A Vast Right-Wing Conspiracy

It's neither vast nor a conspiracy. Discuss.

By Jonathan H. Adler

THE INSTITUTE FOR JUSTICE HAS COME A LONG WAY in 14 years. Founded in 1991 with three attorneys and a modest budget, the libertarian law firm has become a force to reckon with in the public interest legal world. Its first big win came with its successful defense of public school vouchers before the United States Supreme Court in 2002. This year, Institute for Justice, or I.J., attorneys have argued two cases before the high court. In Kelo v. New London, the firm challenged the local use of eminent domain for economic development. In Swedenburg v. Kelly, it fought state laws that limit out-of-state wine sales. I.J. also filed "friend of the court" briefs in other cases.

I.J. is but one soldier in a growing army of right-leaning public interest legal foundations that have come to the fore of legal advocacy in recent years. Beginning in the 1970s, libertarians and religious conservatives began to create public interest legal groups that were modeled on successful liberal and progressive foundations like the American Civil Liberties Union and the NAACP Legal Defense and Educational Fund Inc. What began with a few small groups has become an active and effective legal force—one that is increasingly earning notice, shaping law, and drawing criticism from opponents.

Bringing Justice to the People: The Story of the Freedom-Based Public Interest Law Movement, a recent book published by the conservative Heritage Foundation, chronicles the growth of groups like the Institute for Justice through profiles of groups and essays about issues written by leaders in the movement. As such, it offers a valuable inside view to the lawyers and the lawsuits that increasingly influence the nation's public law. Important as the topic is, the collection contains the sort of puffery you might expect from essays written by the individuals who are this book's subjects. Its deeper flaw is that it papers over real divisions among conservative and libertarian groups. There is no right-wing legal monolith, no cohesive, unified "freedom-based public interest law movement," as the book's title suggests. The groups collected under this moniker lack a single, overarching agenda. For every I.J. advancing libertarian notions about government power, there is a more traditional conservative group seeking to protect Judeo-Christian moral values and preserve or expand religion's place in the public square. Although such groups may see a common enemy in the liberal elites that they believe still dominate the nation's legal culture, the organizations have different goals, different funding sources, and different constituencies—and sometimes they even go toe-to-toe against one another.

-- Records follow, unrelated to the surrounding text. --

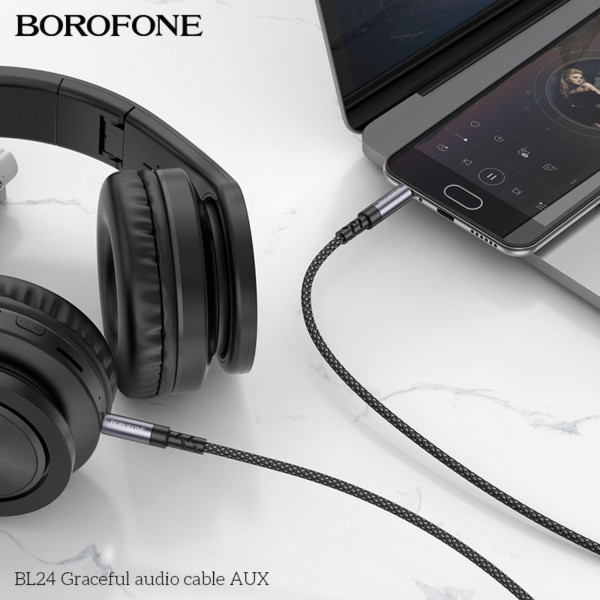 Фото - Кабель 3.5 мм - 3.5 мм BOROFONE BL24 AUX Metal Grey (6941991118968)
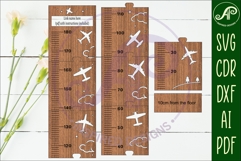 Planes personalized kids height chart in metric Product Image 3
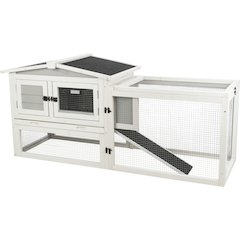 Weatherproof Outdoor 2-Story Wooden Small Animal Hutch with Large Run & Tray
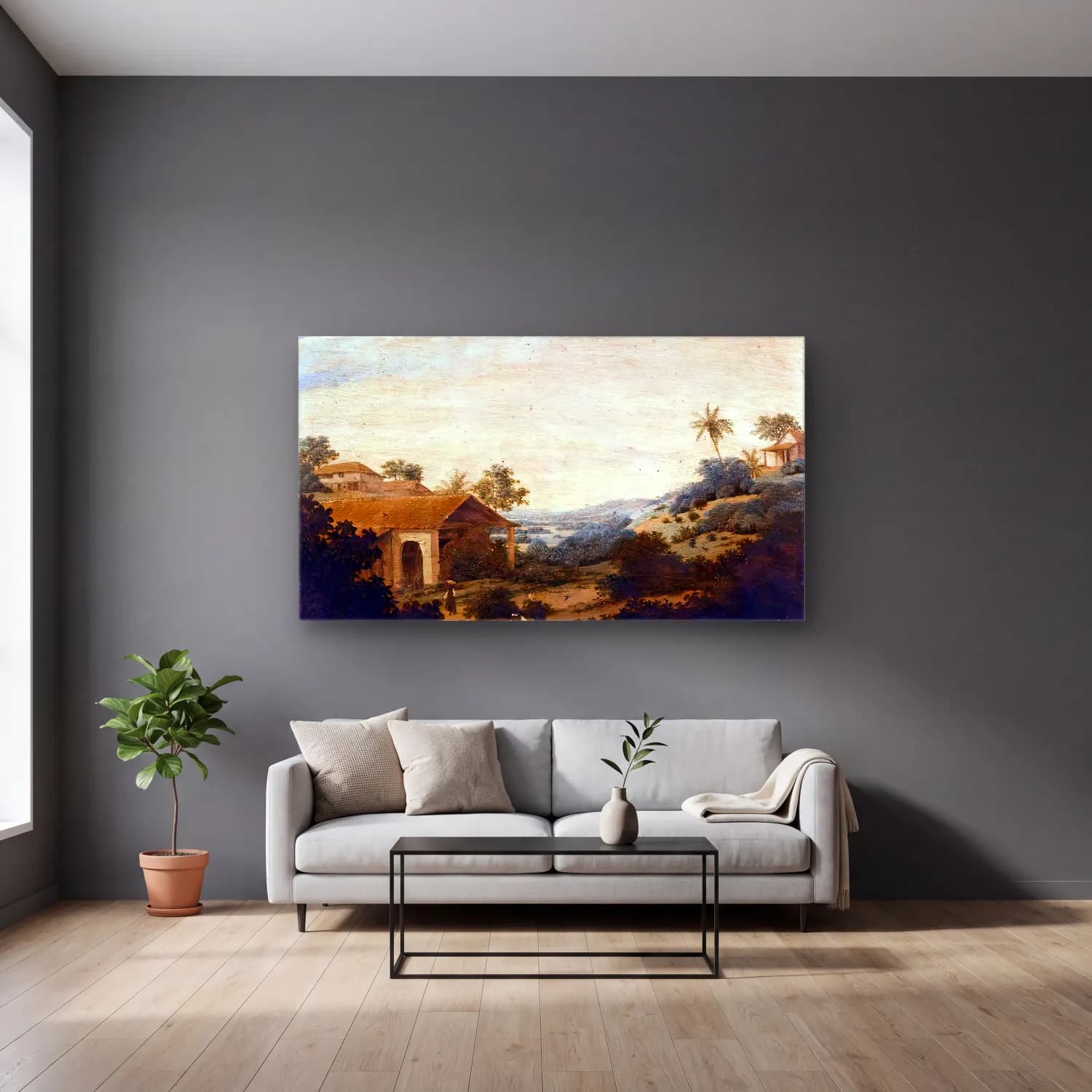 Frans Post – Landscape in Brazil cam tablo — gri duvarlı salonda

If current trends continue and Republicans are able to put a conservative imprint on the nation's courts, the divisions among the groups profiled in Bringing Justice to the People may well grow. Conservative and libertarian legal organizations were first launched in the 1970s and '80s to fight what they saw as the excesses of the liberal welfare state. At the time, most such groups sought to challenge "judicial activism," to beat back the sprawl of government and regulations, and to restore the "original intent" of the Constitution. Since then, they have scored important legal victories challenging local affirmative action programs, threats to conservative speech on college campuses, and government restrictions on land use.

Yet with government in Republican hands, it is not surprising that some of these groups are now willing to focus their efforts on working with the government rather than against it. For example, some right-leaning legal groups threw their hats in with the Bush Administration, defending a broad interpretation of federal power to detain enemy combatants and fight the war on terror. Others have focused on defending school choice programs or public displays of religious symbols on government property. These and other issues, like the meaning of federalism and the extent to which the Bill of Rights protects individual autonomy, could provoke significant clashes on the right in coming decades.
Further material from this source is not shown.